Hillary Clinton speaks at a rally in Philadelphia, Aug. 16, 2016. (Mark Makela/Reuters)
Hillary Clinton at a rally in Philadelphia, Aug. 16, 2016. (Mark Makela/Reuters)

Hillary Clinton responded to the latest attacks and questions surrounding her campaign on Wednesday night, firing back at Donald Trump moments after the Republican nominee called her “a bigot.”

“He is taking a hate movement mainstream,” Clinton told CNN’s Anderson Cooper in a phone interview shortly after Trump made the remark at a rally in Mississippi. “He’s brought it into his campaign. He’s bringing it to our communities and our country, and someone who’s questioned the citizenship of the first African-American president, who has courted white supremacists, who’s been sued for housing discrimination against communities of color, who’s attacked a judge for his Mexican heritage, and promised a mass deportation force is someone who is very much peddling bigotry and prejudice and paranoia.”

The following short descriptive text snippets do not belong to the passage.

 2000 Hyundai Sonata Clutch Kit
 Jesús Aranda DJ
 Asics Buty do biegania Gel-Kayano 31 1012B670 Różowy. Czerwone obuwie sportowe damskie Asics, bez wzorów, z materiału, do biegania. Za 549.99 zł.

The Democratic nominee also dismissed Trump’s call for an investigation of the Clinton Foundation, which has come under intense scrutiny amid conservatives’ allegations of pay-for-play politics while she was secretary of state. Recently released emails showed a foundation official reaching out to the State Department on behalf of donors.

“My work as secretary of state was not influenced by any outside forces,” Clinton said. “I made policy decisions based on what I thought was right, to keep Americans safe and protect U.S. interests abroad. No wild political attack by Donald Trump is going to change that. And, in fact, the State Department has said itself that there is no evidence of any kind of impropriety at all.”

Clinton said the Clinton Foundation has been far more transparent than the real estate mogul’s business interests.

“The foundation is a charity,” Clinton said. “Neither my husband nor I have ever drawn a salary from it. You know more about the foundation than you know about anything concerning Donald Trump’s wealth, his business, his tax returns. I think it’s quite remarkable. His refusal to release his tax returns is even more concerning given the recent news that his businesses are hundred of millions of dollars in debt to big banks, including the state-owned bank of China, and business groups with ties to the Kremlin.”

Clinton’s comments came hours after her campaign slammed an Associated Press report that more than half the people outside government that she met with while she was secretary of state also donated to the Clinton Foundation. Clinton’s team and other critics said the report relied on “utterly flawed” data.

And Clinton continued the pushback against the AP article during her CNN interview.

“I know there’s a lot of smoke, and there’s no fire,” she told Cooper. “This AP report — put it in context — excludes nearly 2,000 meetings I had with world leaders, plus countless other meetings with U.S. government officials when I was secretary of state. It looked at a small portion of my time.

“It drew the conclusion and made the suggestion that my meetings with people like the late, great, Elie Wiesel, or Melinda Gates, or the Nobel Prize winner Muhammad Yunus were somehow due to connections with the foundation instead of their status as highly respected global leaders,” Clinton continued. “That is absurd. These are people I was proud to meet with, who any secretary of state would have been proud to meet with, and hear about their work and their insight.”

Clinton also addressed the issue that continues to dog her campaign: her use of a private email server for official State Department business. Last week, former Secretary of State Colin Powell told People magazine that the Clinton campaign has been trying “pin” the email scandal on him after it was revealed that Clinton told the FBI that he advised her to use a private server.

“I want people to know that the decision to have a single email account was mine,” Clinton said. “I take responsibility for it. I’ve apologized for it. I would certainly do differently if I could, but obviously I’m grateful the Justice Department concluded there was no basis to pursue this matter further, and I believe the public will be, and is, considering my full record and experience as they consider their choice for president.”

Last month, FBI Director James Comey said the evidence suggested that Clinton and her aides had been reckless in handling classified information but recommended no charges be filed.

Earlier this week, the State Department said it was reviewing nearly 15,000 emails that were previously undisclosed from Clinton’s use of a private server as secretary. A judge ruled that the government provide a status update by Sept. 23 — three days before the first scheduled presidential debate.

But in a Monday appearance on ABC’s “Jimmy Kimmel Live,” Clinton insisted she’s not concerned about more of her emails being released.

“Jimmy, my emails are so boring,” she said. “And I’m embarrassed about that. They’re so boring. So we’ve already released, I don’t know, 30,000 plus, so what’s a few more?”